JAM: Comment évaluez-vous la sécurité d’approvisionnement en électricité pour l’hiver 2026/27?
Christian Wasserfallen: Cela va fortement dépendre de l’évolution de l’approvisionnement européen en gaz, de la disponibilité des centrales nucléaires françaises et des températures hivernales. Avec un hiver bien rigoureux, une faible disponibilité des centrales nucléaires françaises, des niveaux bas dans les lacs de retenue et, parallèlement, des problèmes d’approvisionnement en gaz, nous aurons de graves difficultés.
L’approvisionnement en électricité de la Suisse n’est pas suffisamment garanti à long terme, en particulier en hiver. Aujourd’hui, nous disposons d’un peu plus de 60 térawattheures (twh) de production d’électricité nationale. Si, à l’avenir, environ 20 twh provenant des centrales nucléaires existantes viennent à manquer, il ne restera plus qu’environ 40 twh. Dans le même temps, la demande en électricité dépassera les 80 twh d’ici 2050. Cela signifie qu’à l’avenir, il nous manquera plus de 40 twh, soit plus de la moitié de l’électricité nécessaire.
«rejeter l’énergie nucléaire revient à accepter les centrales à pétrole et à gaz pour des décennies.»
Comment notre pays peut-il garantir un approvisionnement en électricité fiable, abordable et neutre en CO2, ce qui revêt une importance capitale pour l’économie et la population?
Le moyen le plus économique et le plus respectueux du climat pour garantir un approvisionnement électrique sûr reste, aujourd’hui comme hier, un mix énergétique équilibré associant les énergies renouvelables et les nouvelles centrales nucléaires.
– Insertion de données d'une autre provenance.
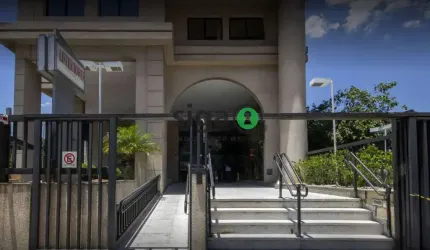 Sala comercial para locação 64 m² Penha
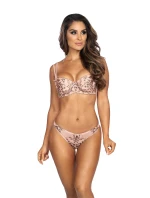 Podprsenka model 17681078 růžová - Axami Podprsenka model 17681078 růžová - Axami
Il est prévu que plusieurs centrales à gaz devraient garantir, en cas d’urgence, un approvisionnement suffisant en électricité pendant l’hiver. Est-ce pertinent?
Les centrales de réserve sont malheureusement devenues une assurance indispensable. N’oublions pas qu’environ 500 millions de francs ont déjà été investis dans la centrale d’urgence de Birr. D’autres installations de réserve doivent encore être construites pour un montant d’environ 2,3 milliards de francs. Au lieu de cela, pour une fraction de cette somme, on aurait pu prolonger l’exploitation de la centrale nucléaire de Mühleberg et réaliser des investissements supplémentaires dans des installations existantes comme Beznau. Le fait que nous dépendions aujourd’hui des centrales au pétrole et au gaz est la conséquence directe d’une politique énergétique erronée et de l’échec de la stratégie énergétique de l’ancienne conseillère fédérale Doris Leuthard.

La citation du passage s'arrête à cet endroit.